### Problem details:
Find the line with "6 Light Silver" in the records below. Output exactly from there until after the line with "four polaroid photos", without pictures.

### Information supplied:
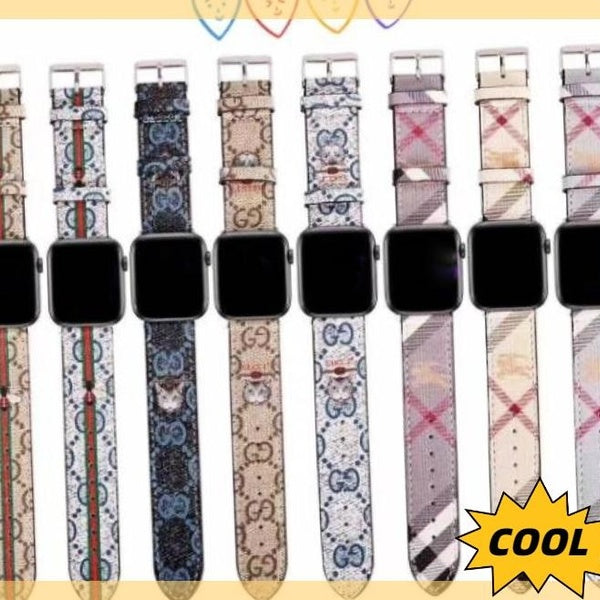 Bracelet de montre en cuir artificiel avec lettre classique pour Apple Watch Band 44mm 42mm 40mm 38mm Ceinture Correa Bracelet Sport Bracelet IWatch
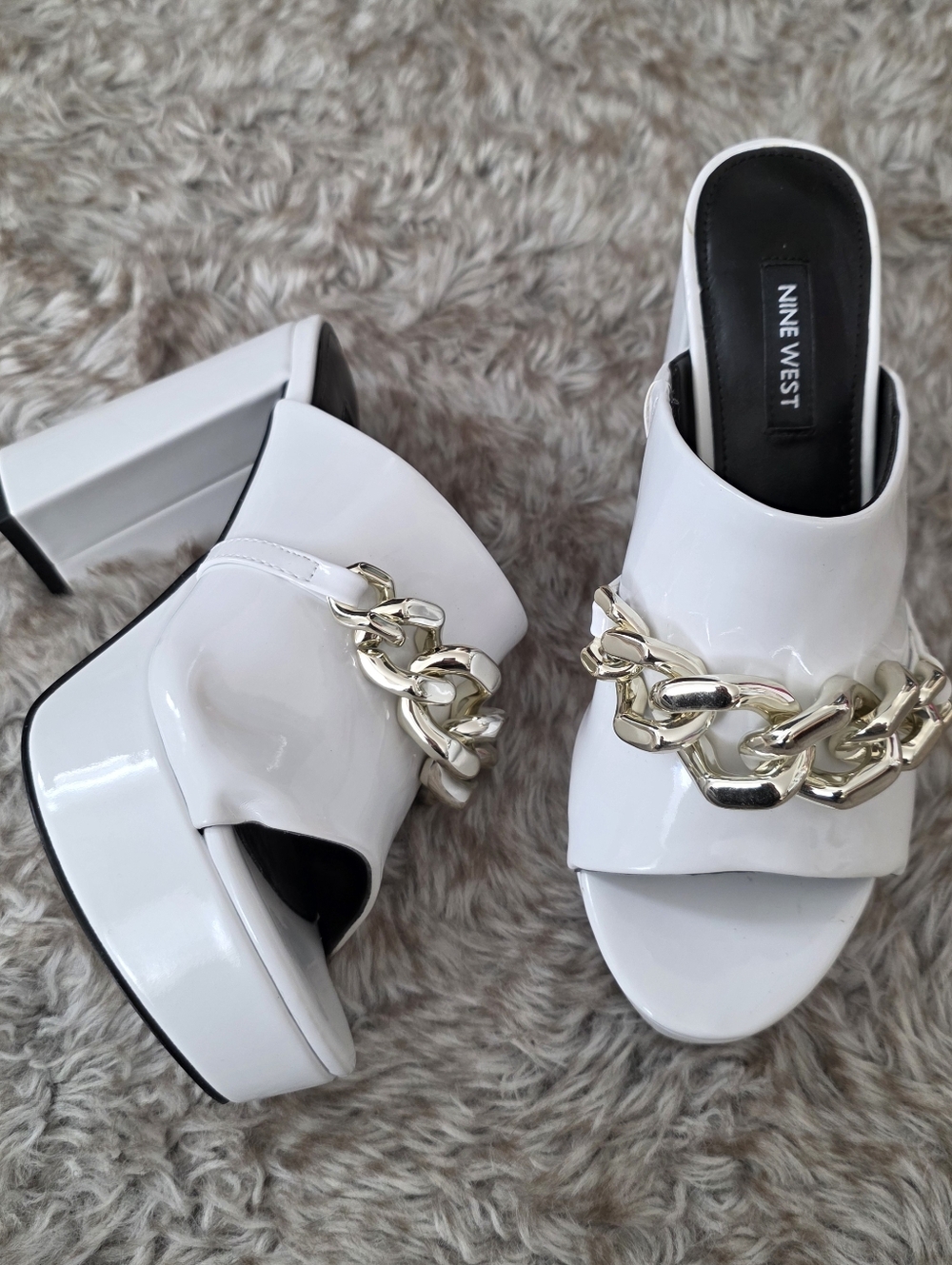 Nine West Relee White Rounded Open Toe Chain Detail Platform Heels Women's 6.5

...

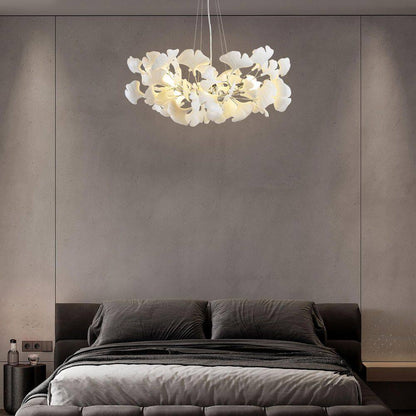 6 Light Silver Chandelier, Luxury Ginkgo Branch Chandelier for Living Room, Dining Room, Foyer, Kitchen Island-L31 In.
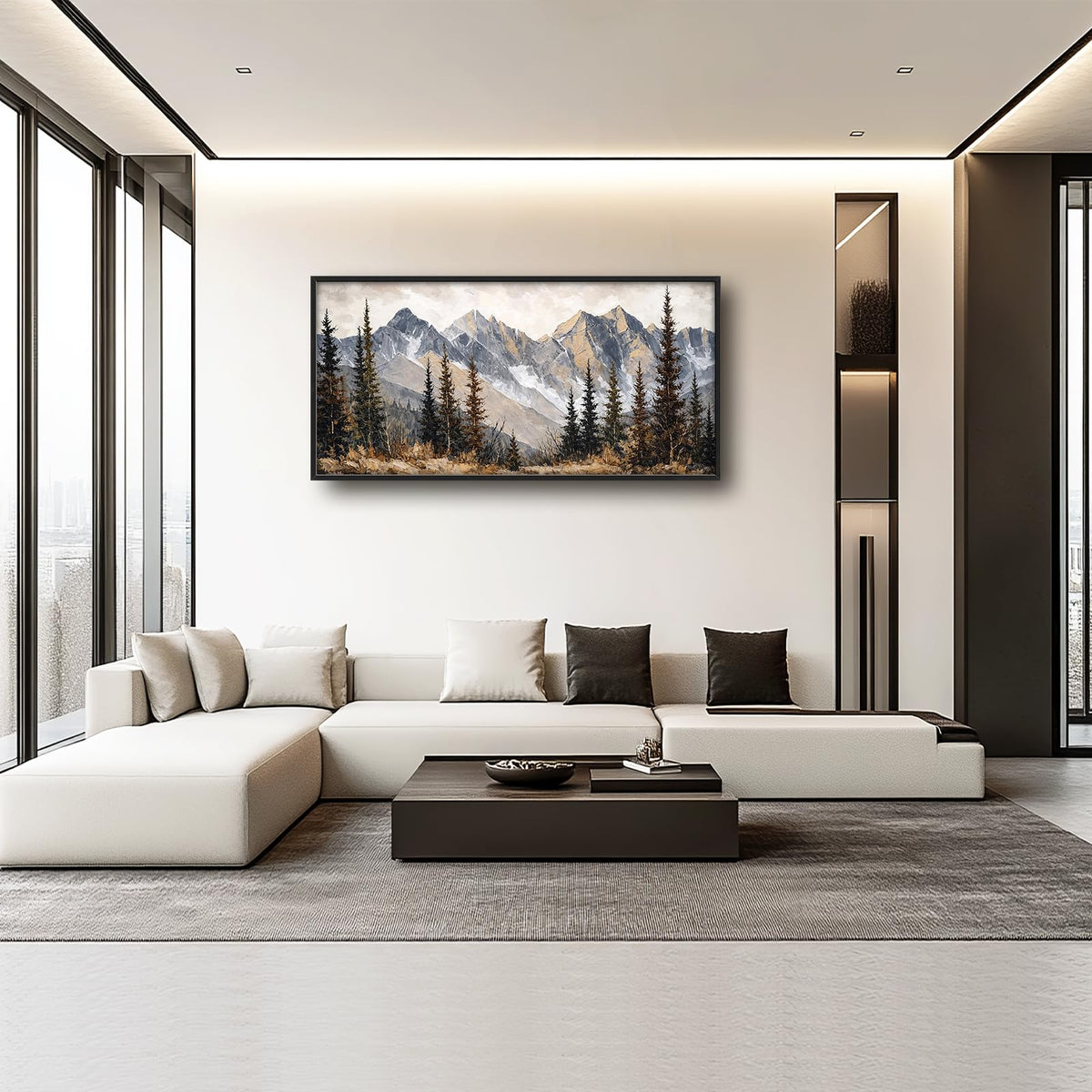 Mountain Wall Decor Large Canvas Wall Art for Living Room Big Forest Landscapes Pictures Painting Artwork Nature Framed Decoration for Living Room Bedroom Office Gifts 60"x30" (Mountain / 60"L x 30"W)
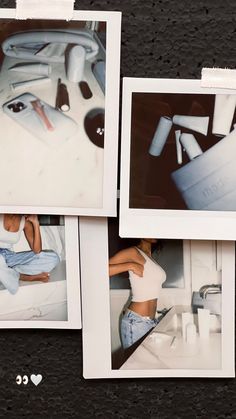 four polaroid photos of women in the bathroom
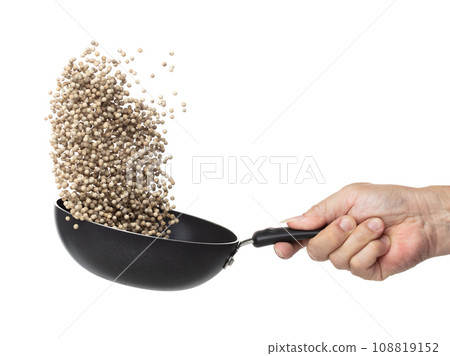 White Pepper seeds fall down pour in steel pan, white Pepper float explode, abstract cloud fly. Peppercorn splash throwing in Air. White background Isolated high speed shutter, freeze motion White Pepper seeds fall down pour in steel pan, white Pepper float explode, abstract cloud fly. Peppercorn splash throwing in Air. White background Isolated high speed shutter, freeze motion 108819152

### Exercise result:
 6 Light Silver Chandelier, Luxury Ginkgo Branch Chandelier for Living Room, Dining Room, Foyer, Kitchen Island-L31 In.
 Mountain Wall Decor Large Canvas Wall Art for Living Room Big Forest Landscapes Pictures Painting Artwork Nature Framed Decoration for Living Room Bedroom Office Gifts 60"x30" (Mountain / 60"L x 30"W)
 four polaroid photos of women in the bathroom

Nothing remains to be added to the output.